(Record extracts Opens)

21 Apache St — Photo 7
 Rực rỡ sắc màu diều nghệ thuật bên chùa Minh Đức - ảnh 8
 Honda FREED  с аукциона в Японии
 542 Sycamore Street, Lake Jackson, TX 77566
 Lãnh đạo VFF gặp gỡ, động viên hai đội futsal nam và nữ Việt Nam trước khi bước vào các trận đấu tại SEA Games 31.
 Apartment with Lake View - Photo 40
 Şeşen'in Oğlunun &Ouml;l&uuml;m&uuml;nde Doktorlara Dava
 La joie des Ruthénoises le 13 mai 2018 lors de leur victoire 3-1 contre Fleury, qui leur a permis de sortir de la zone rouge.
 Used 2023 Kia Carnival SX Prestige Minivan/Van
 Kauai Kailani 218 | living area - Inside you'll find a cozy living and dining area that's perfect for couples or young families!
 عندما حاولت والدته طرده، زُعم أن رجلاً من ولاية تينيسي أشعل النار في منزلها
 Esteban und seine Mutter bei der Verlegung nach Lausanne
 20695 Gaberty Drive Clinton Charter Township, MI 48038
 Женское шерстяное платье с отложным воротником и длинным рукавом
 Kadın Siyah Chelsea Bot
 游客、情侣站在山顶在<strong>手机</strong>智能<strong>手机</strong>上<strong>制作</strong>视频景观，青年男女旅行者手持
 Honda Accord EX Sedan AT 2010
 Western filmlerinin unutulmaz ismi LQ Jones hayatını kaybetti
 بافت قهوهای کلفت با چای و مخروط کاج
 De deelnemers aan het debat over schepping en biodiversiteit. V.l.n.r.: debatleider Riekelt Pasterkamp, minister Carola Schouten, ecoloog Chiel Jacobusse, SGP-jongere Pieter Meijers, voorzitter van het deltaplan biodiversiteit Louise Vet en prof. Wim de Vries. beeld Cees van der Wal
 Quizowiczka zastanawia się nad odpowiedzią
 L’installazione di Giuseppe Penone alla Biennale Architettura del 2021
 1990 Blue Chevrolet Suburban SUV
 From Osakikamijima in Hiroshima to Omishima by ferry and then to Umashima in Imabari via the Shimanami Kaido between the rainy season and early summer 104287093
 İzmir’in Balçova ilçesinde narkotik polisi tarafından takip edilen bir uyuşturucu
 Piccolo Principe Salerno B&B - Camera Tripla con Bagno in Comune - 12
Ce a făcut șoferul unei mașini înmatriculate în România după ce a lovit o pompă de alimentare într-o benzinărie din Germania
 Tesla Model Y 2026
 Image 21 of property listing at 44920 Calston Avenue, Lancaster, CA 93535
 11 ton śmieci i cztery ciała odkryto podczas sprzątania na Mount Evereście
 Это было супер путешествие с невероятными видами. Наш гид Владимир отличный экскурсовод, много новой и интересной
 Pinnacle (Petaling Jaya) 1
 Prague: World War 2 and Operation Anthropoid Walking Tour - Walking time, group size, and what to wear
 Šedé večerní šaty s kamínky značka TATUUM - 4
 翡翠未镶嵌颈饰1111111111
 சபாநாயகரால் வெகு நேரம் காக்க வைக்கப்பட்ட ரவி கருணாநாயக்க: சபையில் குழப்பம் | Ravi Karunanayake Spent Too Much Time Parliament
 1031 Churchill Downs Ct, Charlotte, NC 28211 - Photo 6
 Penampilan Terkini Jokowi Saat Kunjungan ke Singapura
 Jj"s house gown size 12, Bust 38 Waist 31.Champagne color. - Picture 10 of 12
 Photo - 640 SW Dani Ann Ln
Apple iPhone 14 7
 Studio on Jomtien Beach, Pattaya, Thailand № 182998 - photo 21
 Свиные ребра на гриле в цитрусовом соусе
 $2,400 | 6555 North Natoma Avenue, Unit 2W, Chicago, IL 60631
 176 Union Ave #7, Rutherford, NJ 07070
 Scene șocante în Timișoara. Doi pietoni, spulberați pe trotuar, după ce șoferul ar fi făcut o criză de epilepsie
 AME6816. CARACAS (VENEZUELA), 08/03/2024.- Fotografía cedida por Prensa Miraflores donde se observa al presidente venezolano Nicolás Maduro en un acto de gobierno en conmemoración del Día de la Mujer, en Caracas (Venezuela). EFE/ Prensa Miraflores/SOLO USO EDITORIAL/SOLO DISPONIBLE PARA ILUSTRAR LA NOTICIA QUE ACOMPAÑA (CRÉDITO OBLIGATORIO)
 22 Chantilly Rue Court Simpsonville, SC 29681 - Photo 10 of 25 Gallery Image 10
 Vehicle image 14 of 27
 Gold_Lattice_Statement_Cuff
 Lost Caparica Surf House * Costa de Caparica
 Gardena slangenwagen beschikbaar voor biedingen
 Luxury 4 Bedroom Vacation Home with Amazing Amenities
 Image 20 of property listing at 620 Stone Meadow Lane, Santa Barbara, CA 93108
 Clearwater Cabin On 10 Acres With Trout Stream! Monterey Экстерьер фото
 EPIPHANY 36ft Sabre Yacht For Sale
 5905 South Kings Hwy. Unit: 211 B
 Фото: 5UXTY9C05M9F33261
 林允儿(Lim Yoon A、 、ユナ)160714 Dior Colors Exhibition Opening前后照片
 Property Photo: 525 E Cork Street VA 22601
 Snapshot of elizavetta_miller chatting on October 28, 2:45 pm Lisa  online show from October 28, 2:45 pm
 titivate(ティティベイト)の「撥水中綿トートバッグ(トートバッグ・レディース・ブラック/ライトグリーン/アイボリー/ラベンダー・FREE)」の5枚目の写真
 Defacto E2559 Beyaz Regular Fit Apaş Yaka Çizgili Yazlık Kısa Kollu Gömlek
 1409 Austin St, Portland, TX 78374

(Record extracts Closes)

_Task instructions_
Output the entries verbatim.

_Response area_
21 Apache St — Photo 7
 Rực rỡ sắc màu diều nghệ thuật bên chùa Minh Đức - ảnh 8
 Honda FREED  с аукциона в Японии
 542 Sycamore Street, Lake Jackson, TX 77566
 Lãnh đạo VFF gặp gỡ, động viên hai đội futsal nam và nữ Việt Nam trước khi bước vào các trận đấu tại SEA Games 31.
 Apartment with Lake View - Photo 40
 Şeşen'in Oğlunun &Ouml;l&uuml;m&uuml;nde Doktorlara Dava
 La joie des Ruthénoises le 13 mai 2018 lors de leur victoire 3-1 contre Fleury, qui leur a permis de sortir de la zone rouge.
 Used 2023 Kia Carnival SX Prestige Minivan/Van
 Kauai Kailani 218 | living area - Inside you'll find a cozy living and dining area that's perfect for couples or young families!
 عندما حاولت والدته طرده، زُعم أن رجلاً من ولاية تينيسي أشعل النار في منزلها
 Esteban und seine Mutter bei der Verlegung nach Lausanne
 20695 Gaberty Drive Clinton Charter Township, MI 48038
 Женское шерстяное платье с отложным воротником и длинным рукавом
 Kadın Siyah Chelsea Bot
 游客、情侣站在山顶在<strong>手机</strong>智能<strong>手机</strong>上<strong>制作</strong>视频景观，青年男女旅行者手持
 Honda Accord EX Sedan AT 2010
 Western filmlerinin unutulmaz ismi LQ Jones hayatını kaybetti
 بافت قهوهای کلفت با چای و مخروط کاج
 De deelnemers aan het debat over schepping en biodiversiteit. V.l.n.r.: debatleider Riekelt Pasterkamp, minister Carola Schouten, ecoloog Chiel Jacobusse, SGP-jongere Pieter Meijers, voorzitter van het deltaplan biodiversiteit Louise Vet en prof. Wim de Vries. beeld Cees van der Wal
 Quizowiczka zastanawia się nad odpowiedzią
 L’installazione di Giuseppe Penone alla Biennale Architettura del 2021
 1990 Blue Chevrolet Suburban SUV
 From Osakikamijima in Hiroshima to Omishima by ferry and then to Umashima in Imabari via the Shimanami Kaido between the rainy season and early summer 104287093
 İzmir’in Balçova ilçesinde narkotik polisi tarafından takip edilen bir uyuşturucu
 Piccolo Principe Salerno B&B - Camera Tripla con Bagno in Comune - 12
Ce a făcut șoferul unei mașini înmatriculate în România după ce a lovit o pompă de alimentare într-o benzinărie din Germania
 Tesla Model Y 2026
 Image 21 of property listing at 44920 Calston Avenue, Lancaster, CA 93535
 11 ton śmieci i cztery ciała odkryto podczas sprzątania na Mount Evereście
 Это было супер путешествие с невероятными видами. Наш гид Владимир отличный экскурсовод, много новой и интересной
 Pinnacle (Petaling Jaya) 1
 Prague: World War 2 and Operation Anthropoid Walking Tour - Walking time, group size, and what to wear
 Šedé večerní šaty s kamínky značka TATUUM - 4
 翡翠未镶嵌颈饰1111111111
 சபாநாயகரால் வெகு நேரம் காக்க வைக்கப்பட்ட ரவி கருணாநாயக்க: சபையில் குழப்பம் | Ravi Karunanayake Spent Too Much Time Parliament
 1031 Churchill Downs Ct, Charlotte, NC 28211 - Photo 6
 Penampilan Terkini Jokowi Saat Kunjungan ke Singapura
 Jj"s house gown size 12, Bust 38 Waist 31.Champagne color. - Picture 10 of 12
 Photo - 640 SW Dani Ann Ln
Apple iPhone 14 7
 Studio on Jomtien Beach, Pattaya, Thailand № 182998 - photo 21
 Свиные ребра на гриле в цитрусовом соусе
 $2,400 | 6555 North Natoma Avenue, Unit 2W, Chicago, IL 60631
 176 Union Ave #7, Rutherford, NJ 07070
 Scene șocante în Timișoara. Doi pietoni, spulberați pe trotuar, după ce șoferul ar fi făcut o criză de epilepsie
 AME6816. CARACAS (VENEZUELA), 08/03/2024.- Fotografía cedida por Prensa Miraflores donde se observa al presidente venezolano Nicolás Maduro en un acto de gobierno en conmemoración del Día de la Mujer, en Caracas (Venezuela). EFE/ Prensa Miraflores/SOLO USO EDITORIAL/SOLO DISPONIBLE PARA ILUSTRAR LA NOTICIA QUE ACOMPAÑA (CRÉDITO OBLIGATORIO)
 22 Chantilly Rue Court Simpsonville, SC 29681 - Photo 10 of 25 Gallery Image 10
 Vehicle image 14 of 27
 Gold_Lattice_Statement_Cuff
 Lost Caparica Surf House * Costa de Caparica
 Gardena slangenwagen beschikbaar voor biedingen
 Luxury 4 Bedroom Vacation Home with Amazing Amenities
 Image 20 of property listing at 620 Stone Meadow Lane, Santa Barbara, CA 93108
 Clearwater Cabin On 10 Acres With Trout Stream! Monterey Экстерьер фото
 EPIPHANY 36ft Sabre Yacht For Sale
 5905 South Kings Hwy. Unit: 211 B
 Фото: 5UXTY9C05M9F33261
 林允儿(Lim Yoon A、 、ユナ)160714 Dior Colors Exhibition Opening前后照片
 Property Photo: 525 E Cork Street VA 22601
 Snapshot of elizavetta_miller chatting on October 28, 2:45 pm Lisa  online show from October 28, 2:45 pm
 titivate(ティティベイト)の「撥水中綿トートバッグ(トートバッグ・レディース・ブラック/ライトグリーン/アイボリー/ラベンダー・FREE)」の5枚目の写真
 Defacto E2559 Beyaz Regular Fit Apaş Yaka Çizgili Yazlık Kısa Kollu Gömlek
 1409 Austin St, Portland, TX 78374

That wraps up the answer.